***** Given records

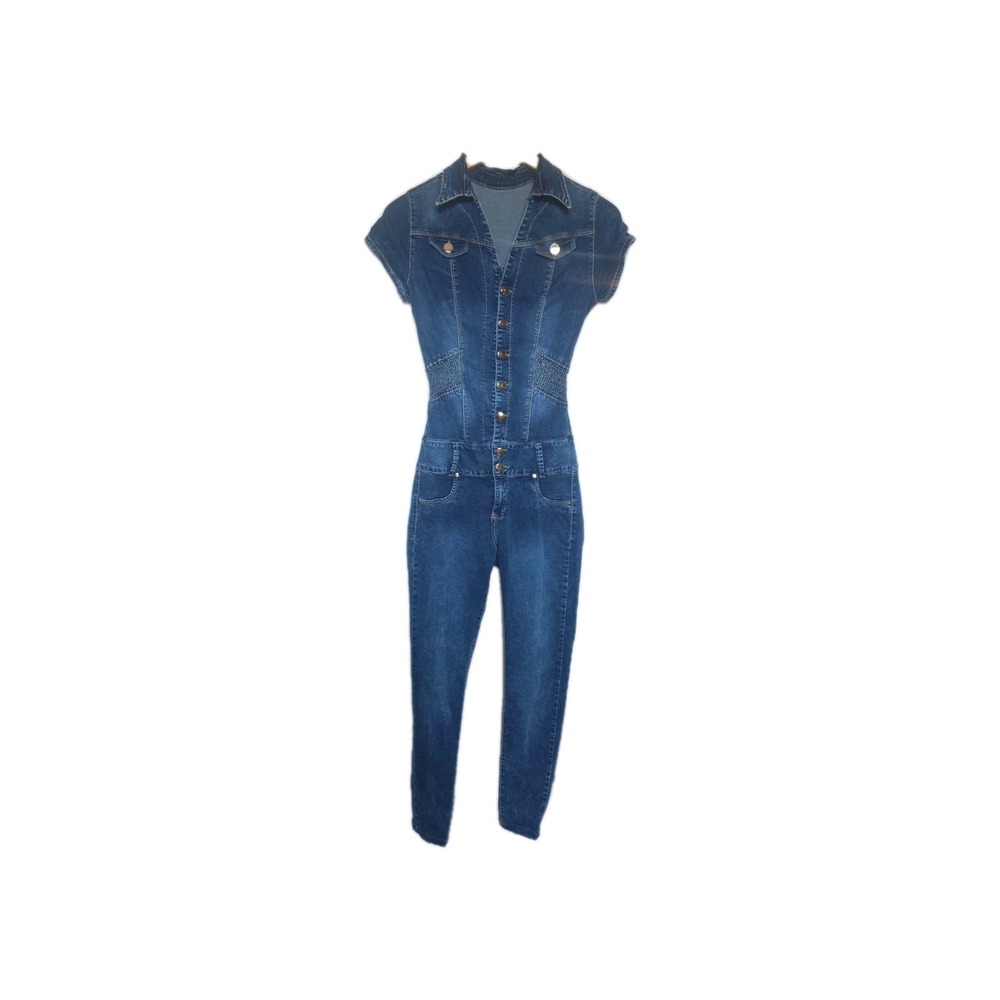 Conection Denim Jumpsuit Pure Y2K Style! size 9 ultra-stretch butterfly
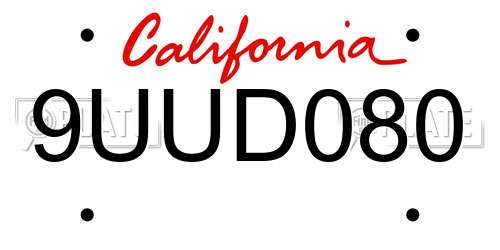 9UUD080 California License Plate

**********
***** Given records

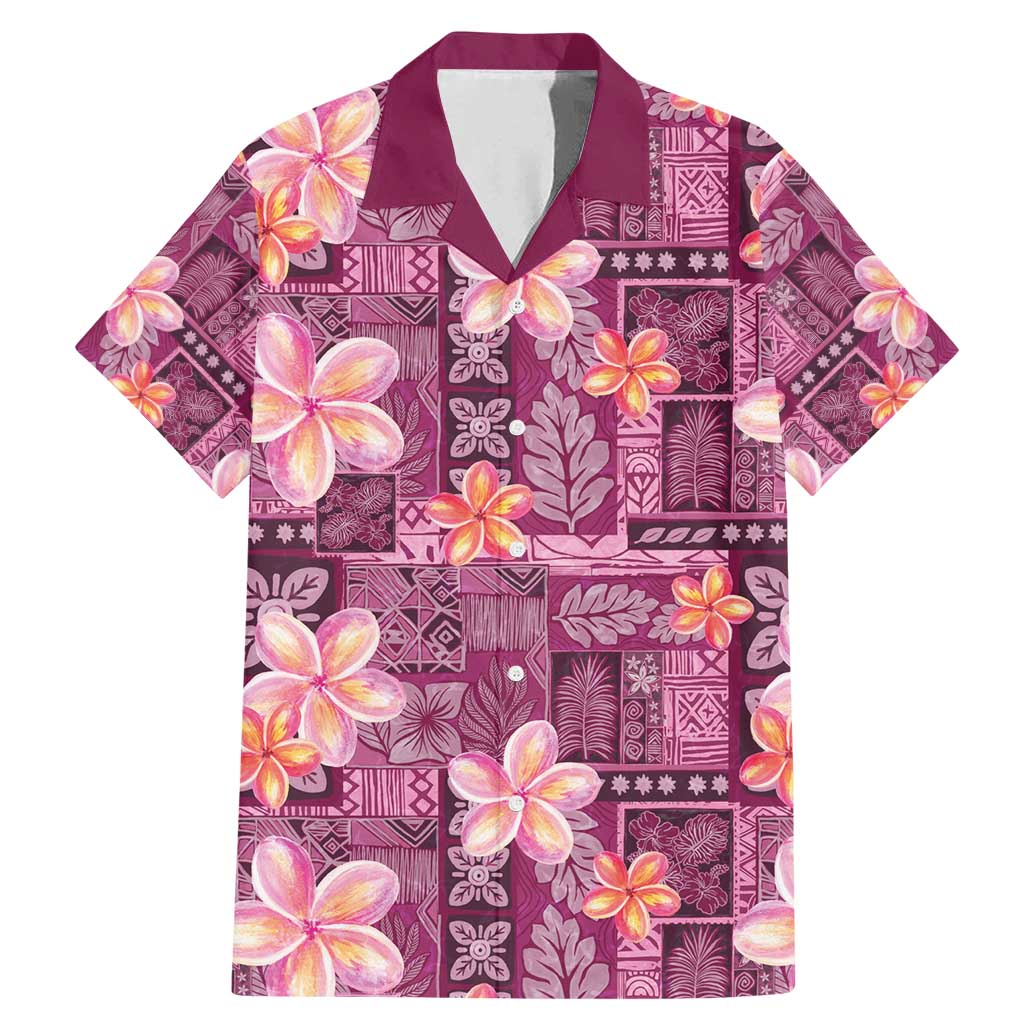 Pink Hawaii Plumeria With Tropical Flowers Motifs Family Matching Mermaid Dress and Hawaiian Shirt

**********

For the data above, set down exactly the lines from the line with "Conection Denim Jumpsuit" to the line with "9UUD080 California License Plate", both included, leaving pictures out.

 Conection Denim Jumpsuit Pure Y2K Style! size 9 ultra-stretch butterfly
 9UUD080 California License Plate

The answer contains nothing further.